Record extracts Start Marker

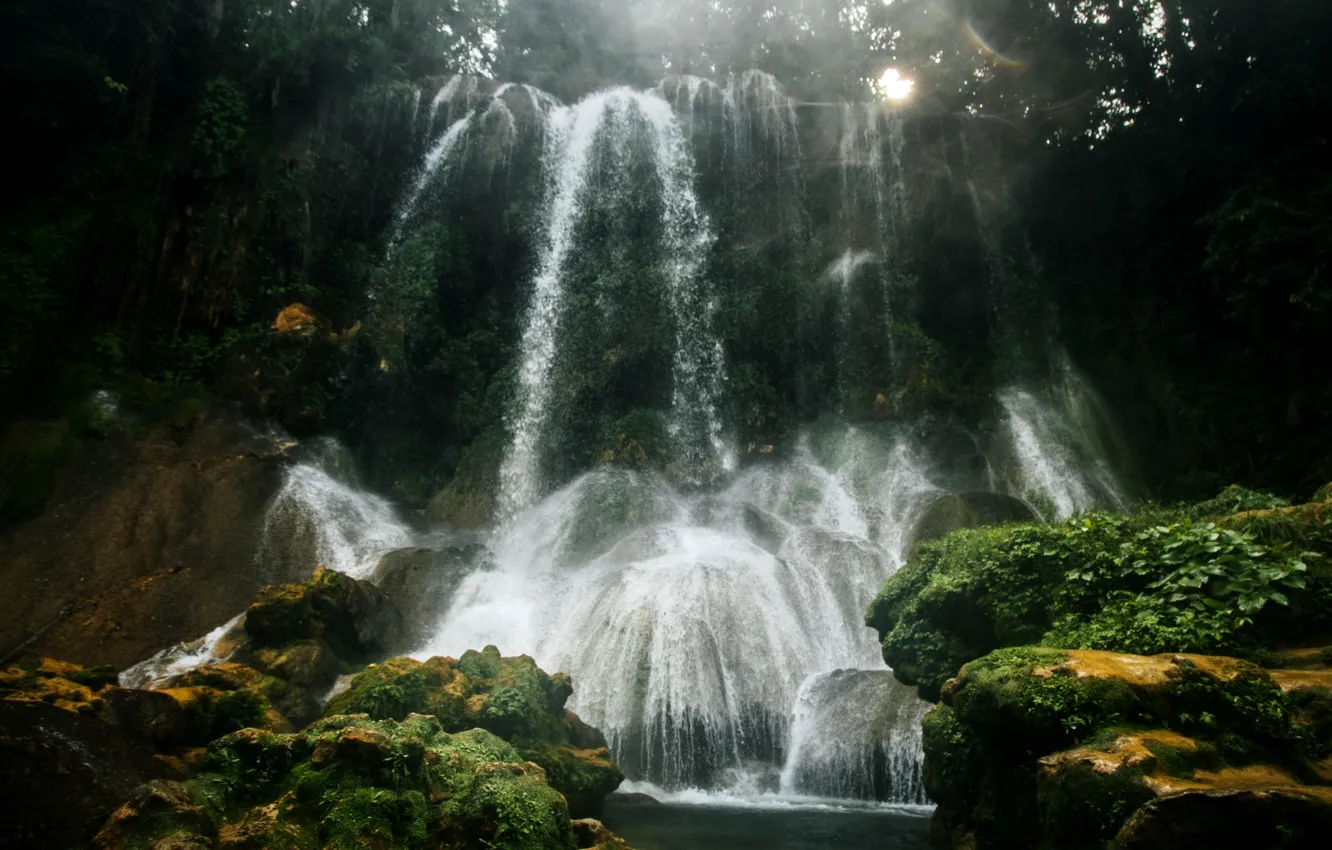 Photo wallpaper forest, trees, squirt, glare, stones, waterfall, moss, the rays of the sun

Record extracts End Marker
Record extracts Start Marker

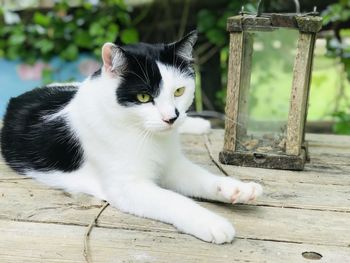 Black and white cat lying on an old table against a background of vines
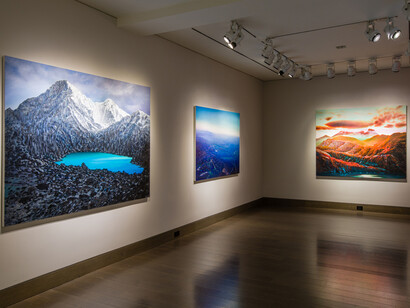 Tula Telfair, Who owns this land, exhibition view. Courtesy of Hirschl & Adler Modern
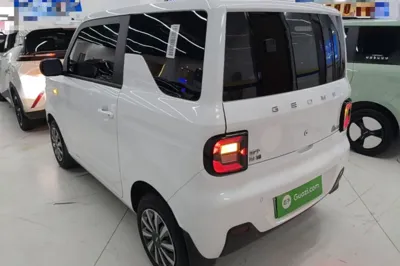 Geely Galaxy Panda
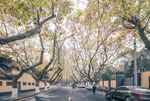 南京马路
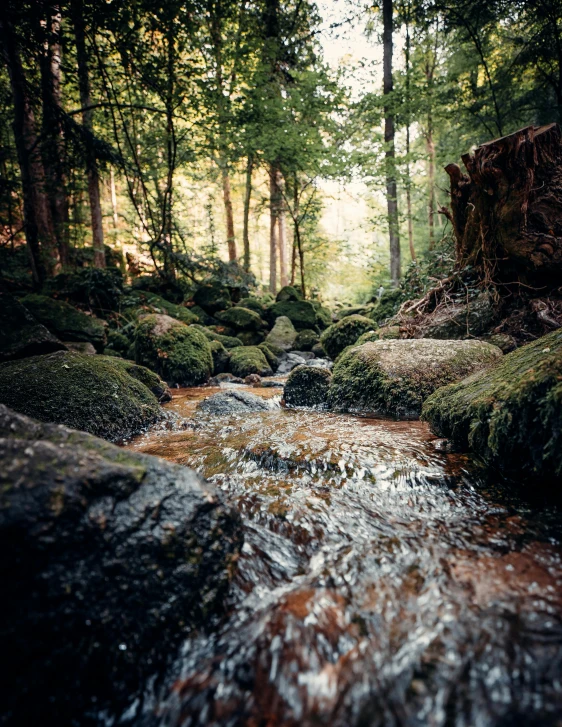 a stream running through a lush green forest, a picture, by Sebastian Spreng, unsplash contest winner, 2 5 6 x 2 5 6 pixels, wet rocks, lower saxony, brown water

Record extracts End Marker
Record extracts Start Marker

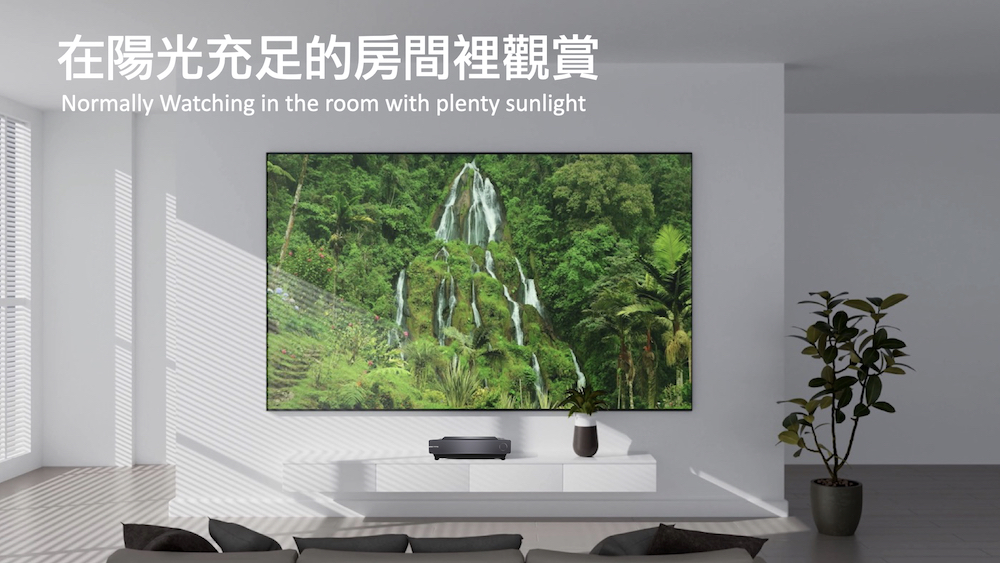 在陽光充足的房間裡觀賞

Record extracts End Marker

▸ The task
For this exercise, reproduce exactly the lines of the records above from the one with "Tula Telfair, Who" up to and including the one with "a stream running", without pictures.

▸ Result
 Tula Telfair, Who owns this land, exhibition view. Courtesy of Hirschl & Adler Modern
 Geely Galaxy Panda
 南京马路
 a stream running through a lush green forest, a picture, by Sebastian Spreng, unsplash contest winner, 2 5 6 x 2 5 6 pixels, wet rocks, lower saxony, brown water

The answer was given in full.